(DATA LISTING Opens)
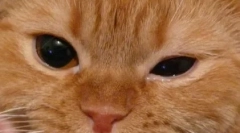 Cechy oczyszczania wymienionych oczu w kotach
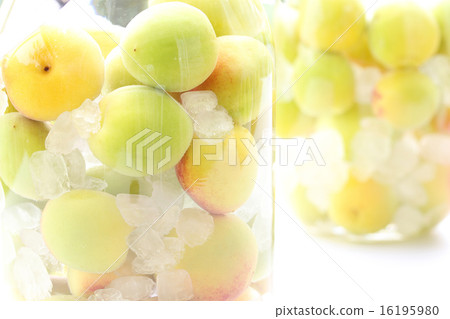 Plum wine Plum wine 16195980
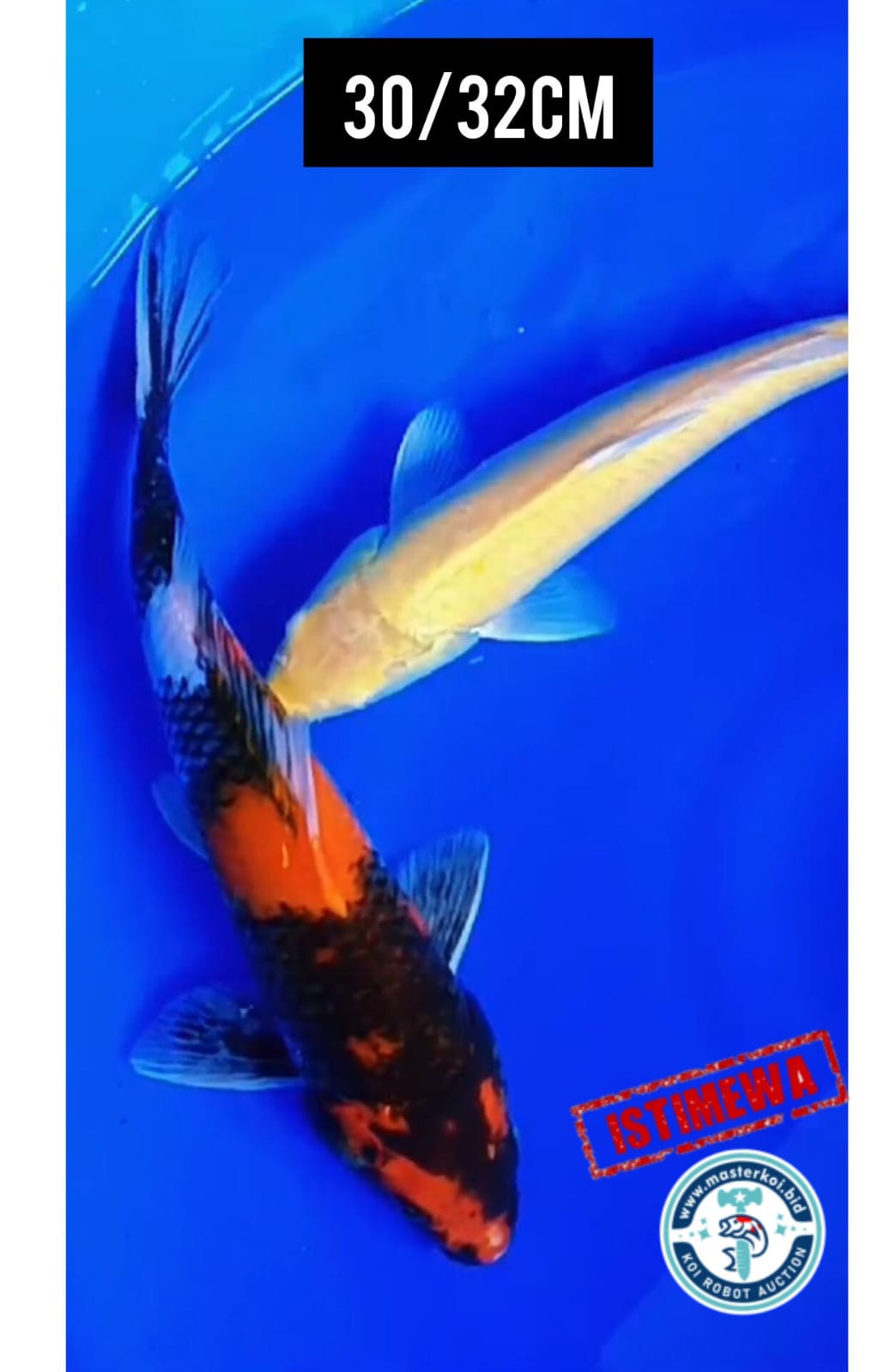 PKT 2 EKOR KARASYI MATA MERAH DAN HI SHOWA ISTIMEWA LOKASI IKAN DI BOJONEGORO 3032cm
(DATA LISTING Closes)
(DATA LISTING Opens)
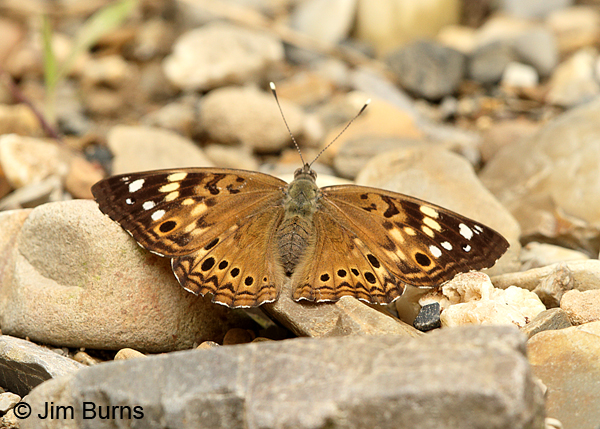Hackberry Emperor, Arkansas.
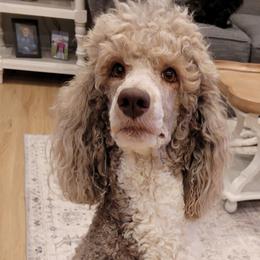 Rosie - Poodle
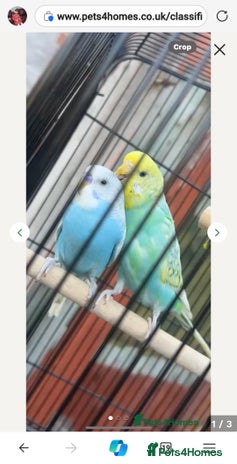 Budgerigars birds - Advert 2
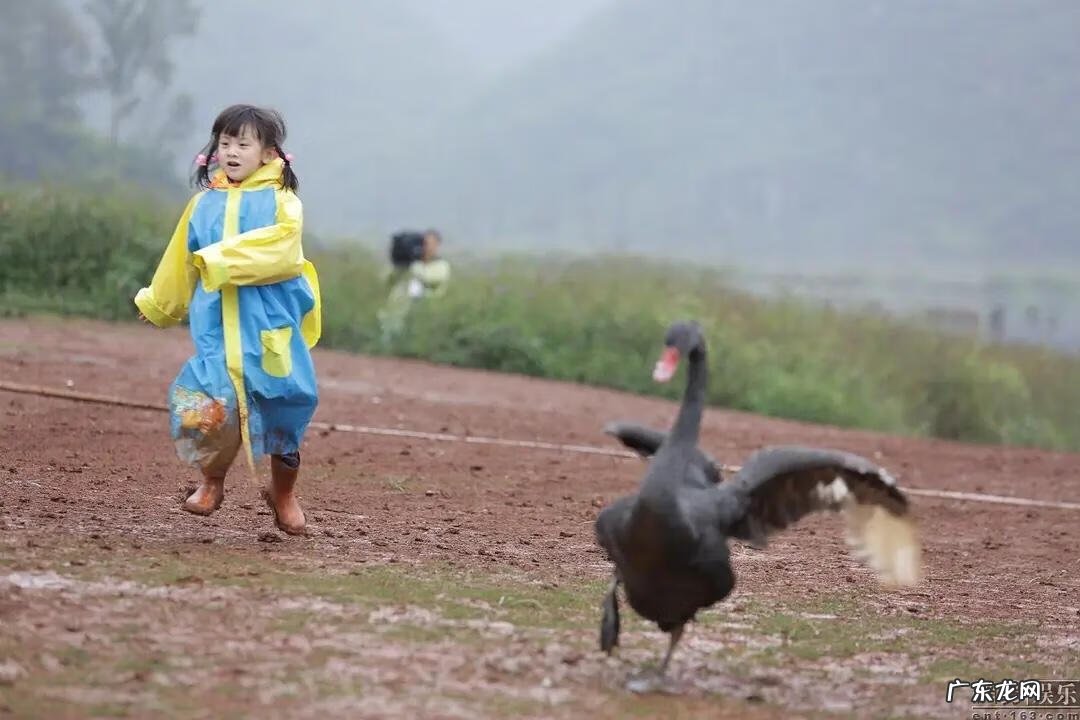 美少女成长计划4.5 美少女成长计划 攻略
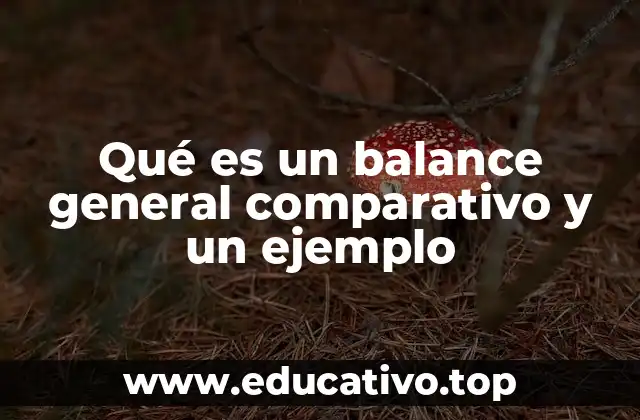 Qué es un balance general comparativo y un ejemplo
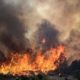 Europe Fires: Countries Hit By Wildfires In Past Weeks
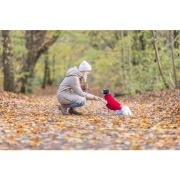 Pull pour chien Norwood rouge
(DATA LISTING Closes)
*DIRECTIONS FOR THIS TASK*
Here the job is to copy the stretch of records from the line containing "美少女成长计划4.5 美少女成长计划 攻略" through the line containing "Pull pour chien Norwood rouge", word for word. Leave every picture out.

*SOLVED EXERCISE*
 美少女成长计划4.5 美少女成长计划 攻略
 Qué es un balance general comparativo y un ejemplo
 Europe Fires: Countries Hit By Wildfires In Past Weeks
 Pull pour chien Norwood rouge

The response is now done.